**TASK GOAL**: In your reply, repeat the full listing exactly and leave each picture out.

**INFORMATION SHOWN**:

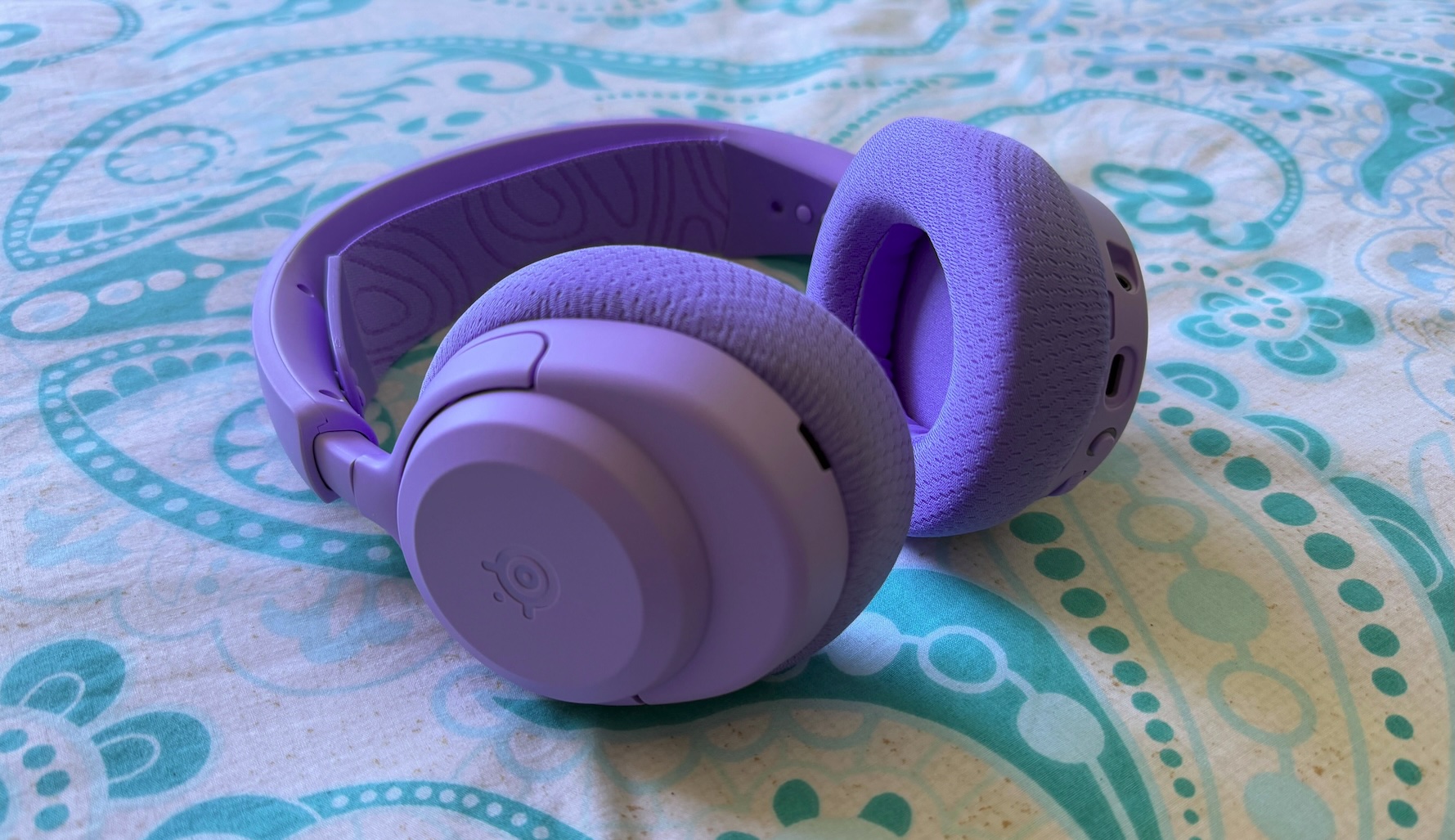 The SteelSeries Arctis Nova 3X Wireless is the prettiest gaming headset I’ve used steelseries arctis nova 3x wireless review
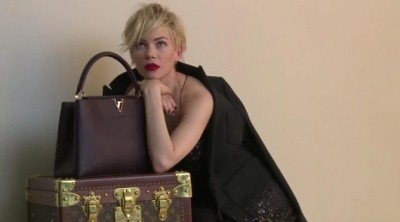 Michelle Williams posa con los nuevos bolsos de Louis Vuitton
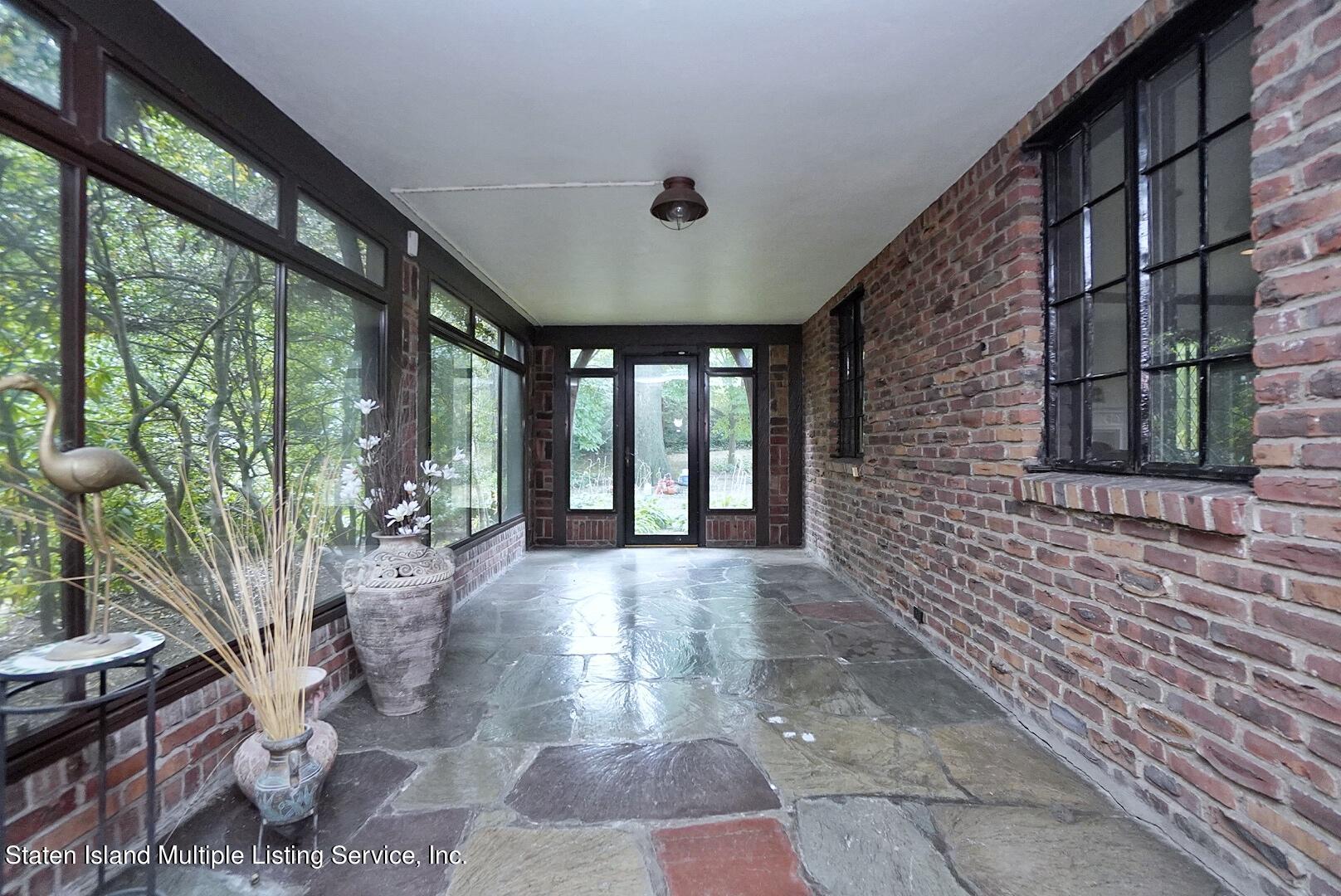 16 Lynnhaven Place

**RESPONSE TO THE EXERCISE**:
 The SteelSeries Arctis Nova 3X Wireless is the prettiest gaming headset I’ve used steelseries arctis nova 3x wireless review
 Michelle Williams posa con los nuevos bolsos de Louis Vuitton
 16 Lynnhaven Place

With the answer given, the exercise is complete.